[[ DATA BELOW, beginning ]]

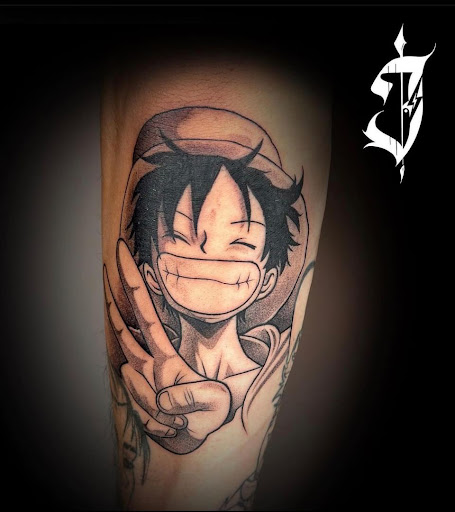 Explore cute couple tattoo ideas small, creative tattoo ideas in Davenport, available at Eclipse Tattoos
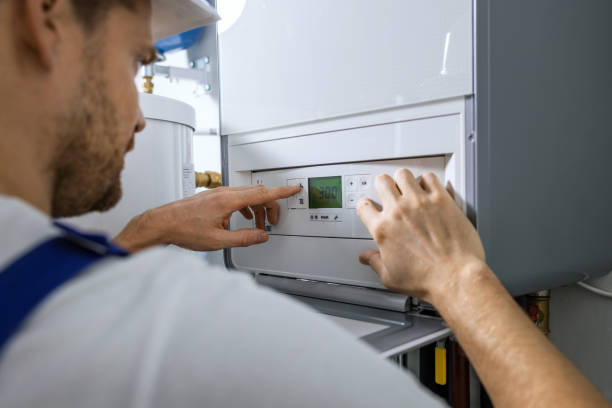Técnico reparando un termo Equation en un domicilio de Tenerife
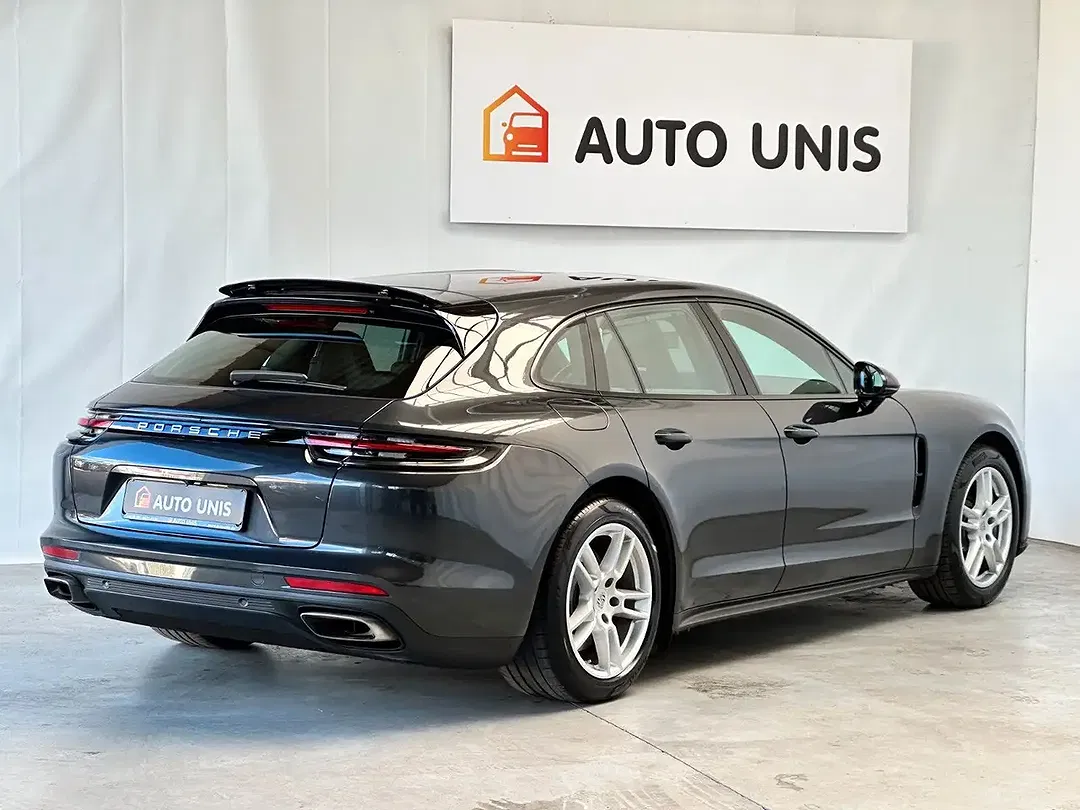 Porsche Panamera - Thumbnail 4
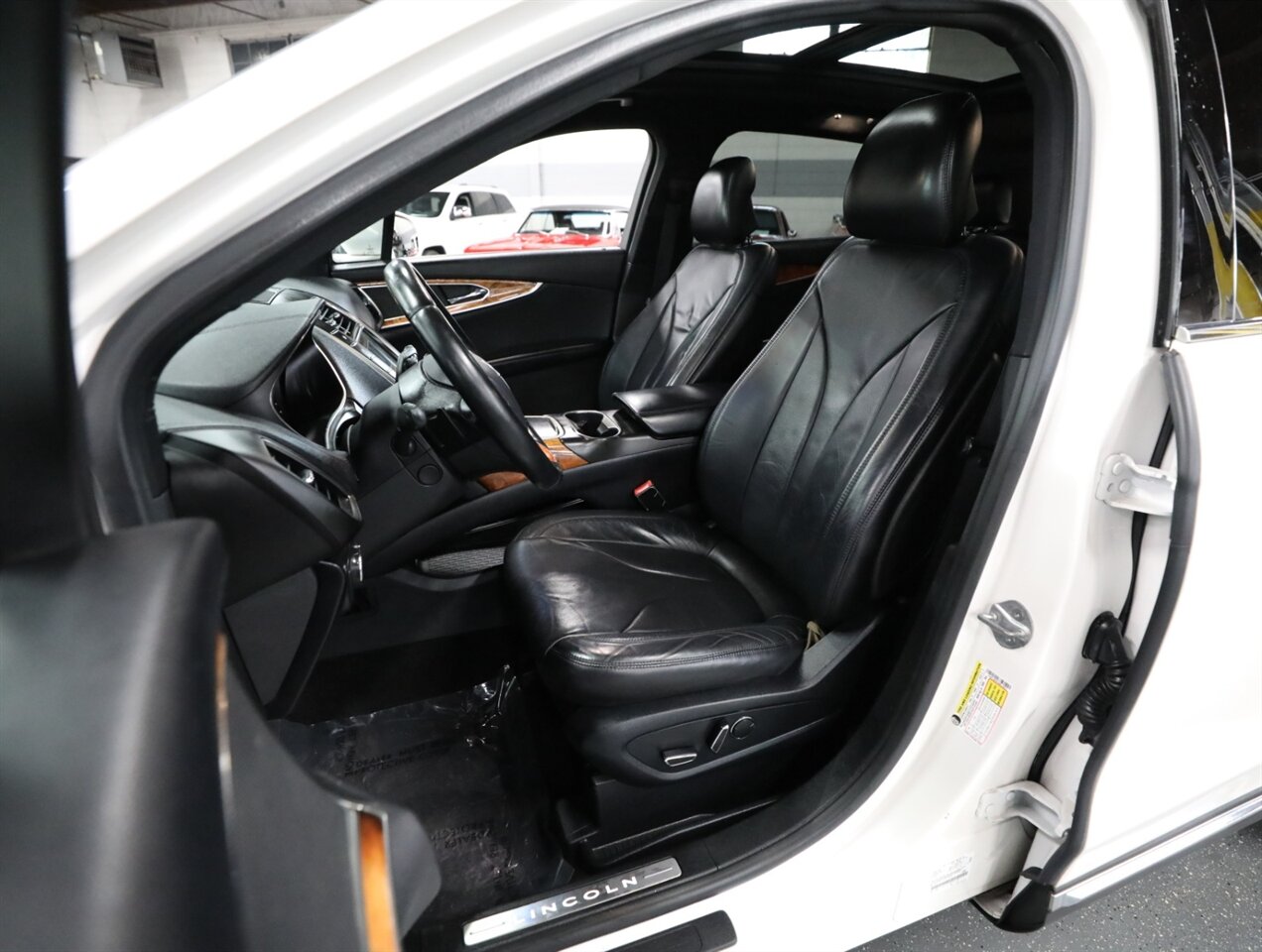 2016 Lincoln MKX Reserve AWD - Photo 32 - Addison, IL 60101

[[ DATA BELOW, end ]]

THE PROBLEM:
Each line above should be set down exactly as written, with pictures excluded.

EXPECTED ANSWER:
 Explore cute couple tattoo ideas small, creative tattoo ideas in Davenport, available at Eclipse Tattoos
Técnico reparando un termo Equation en un domicilio de Tenerife
 Porsche Panamera - Thumbnail 4
 2016 Lincoln MKX Reserve AWD - Photo 32 - Addison, IL 60101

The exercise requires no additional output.